### Task goal
Pictures stay out of the copy. Retype exactly, and only, the lines from the one containing "Spoon of powder" through the end of the listing below.

### Data shown
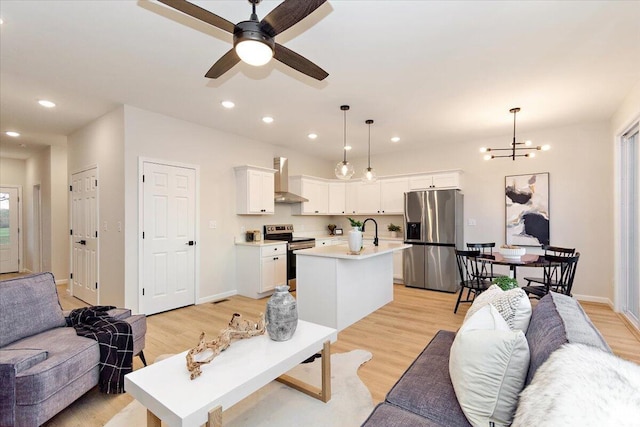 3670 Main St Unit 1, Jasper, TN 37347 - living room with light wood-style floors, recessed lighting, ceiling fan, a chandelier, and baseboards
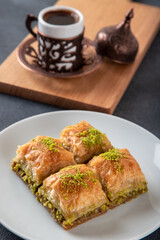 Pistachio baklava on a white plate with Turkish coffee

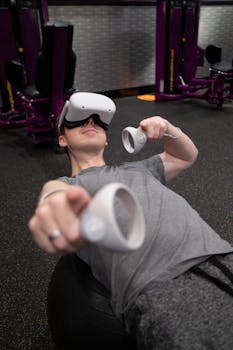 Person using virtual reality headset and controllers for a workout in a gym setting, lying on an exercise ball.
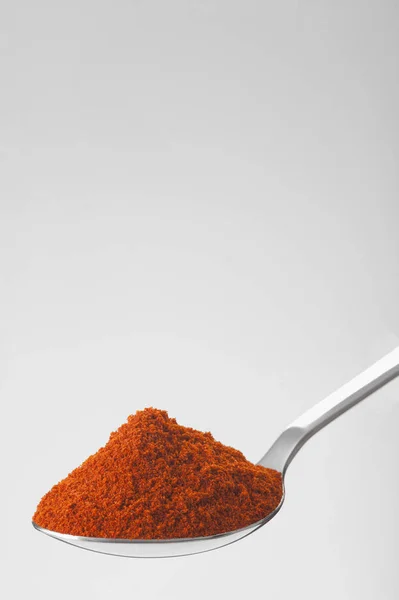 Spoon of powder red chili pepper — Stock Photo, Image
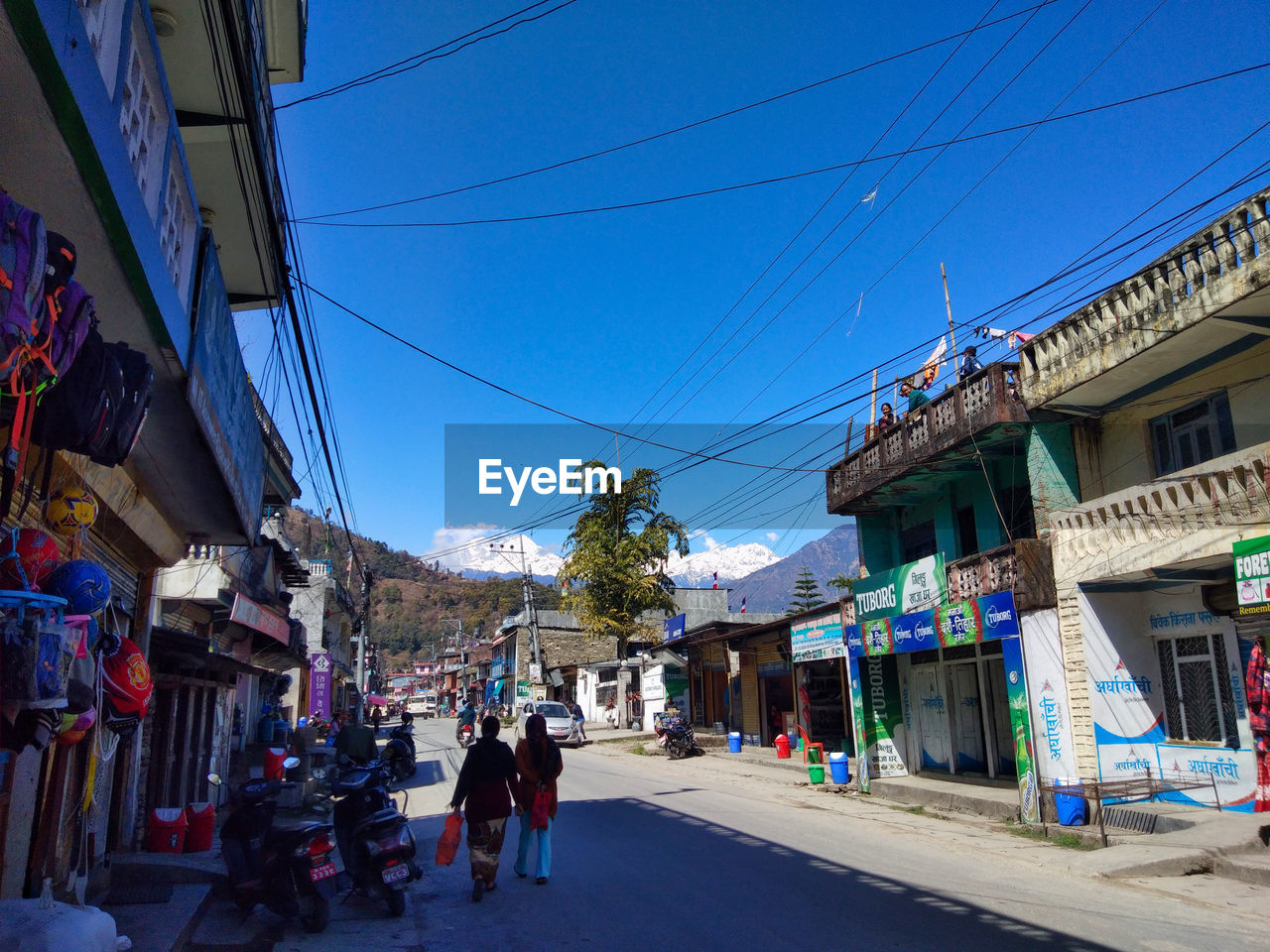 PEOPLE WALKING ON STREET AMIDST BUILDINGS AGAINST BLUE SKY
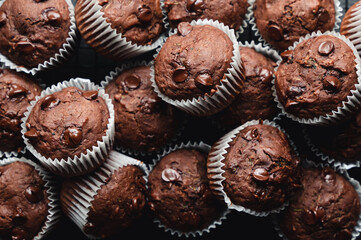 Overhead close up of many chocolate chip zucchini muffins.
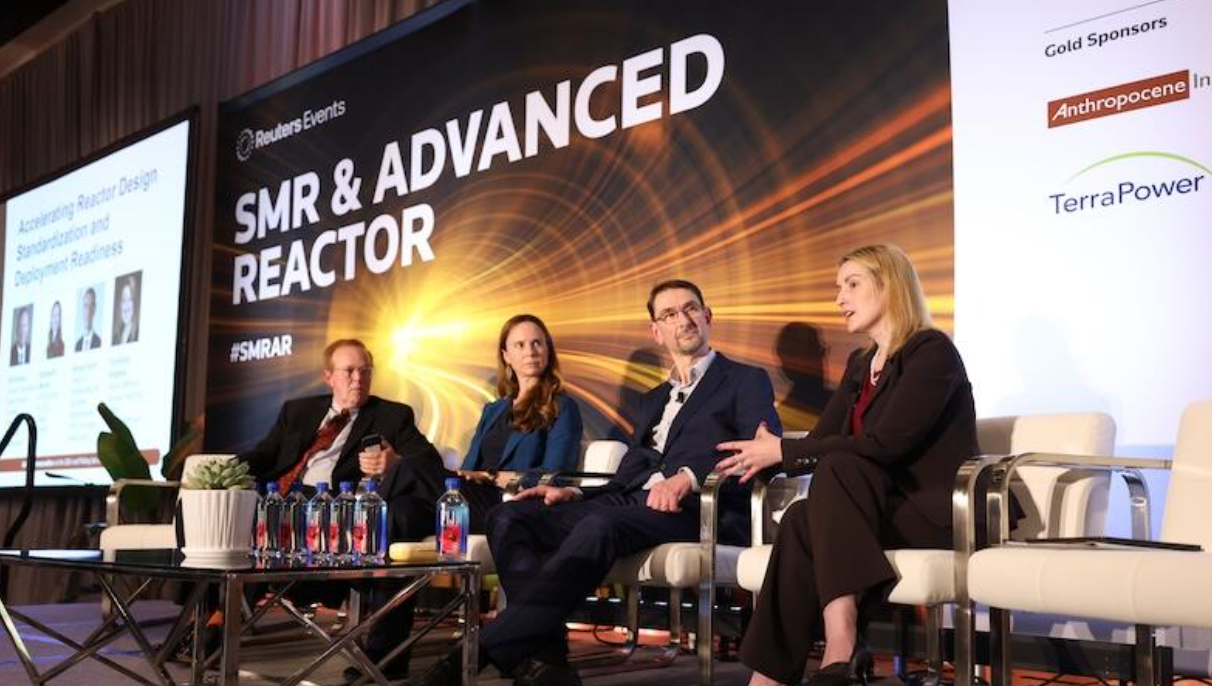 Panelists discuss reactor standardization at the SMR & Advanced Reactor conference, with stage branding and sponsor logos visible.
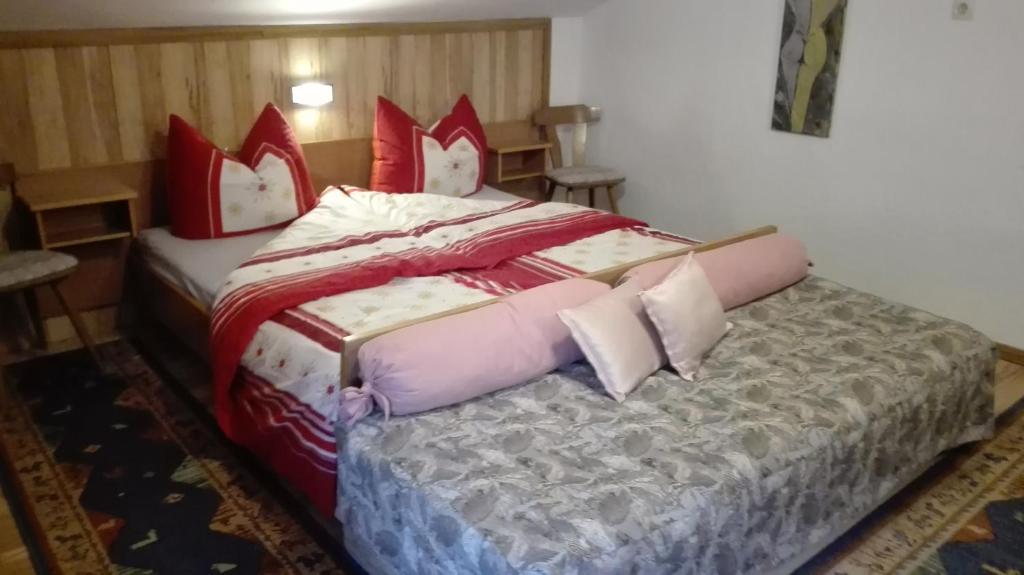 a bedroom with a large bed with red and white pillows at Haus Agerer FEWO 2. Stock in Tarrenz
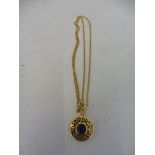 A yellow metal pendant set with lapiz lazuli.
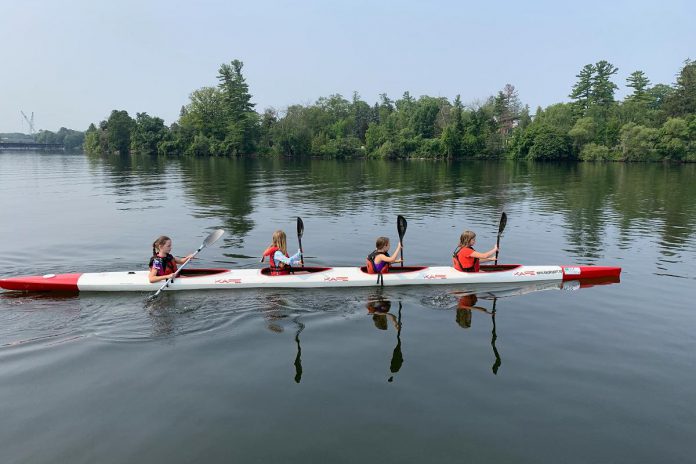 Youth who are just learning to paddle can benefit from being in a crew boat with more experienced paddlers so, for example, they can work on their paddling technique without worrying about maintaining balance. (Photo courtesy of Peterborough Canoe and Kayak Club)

### The answer
 Spoon of powder red chili pepper — Stock Photo, Image
 PEOPLE WALKING ON STREET AMIDST BUILDINGS AGAINST BLUE SKY
 Overhead close up of many chocolate chip zucchini muffins.
 Panelists discuss reactor standardization at the SMR & Advanced Reactor conference, with stage branding and sponsor logos visible.
 a bedroom with a large bed with red and white pillows at Haus Agerer FEWO 2. Stock in Tarrenz
 A yellow metal pendant set with lapiz lazuli.
 Youth who are just learning to paddle can benefit from being in a crew boat with more experienced paddlers so, for example, they can work on their paddling technique without worrying about maintaining balance. (Photo courtesy of Peterborough Canoe and Kayak Club)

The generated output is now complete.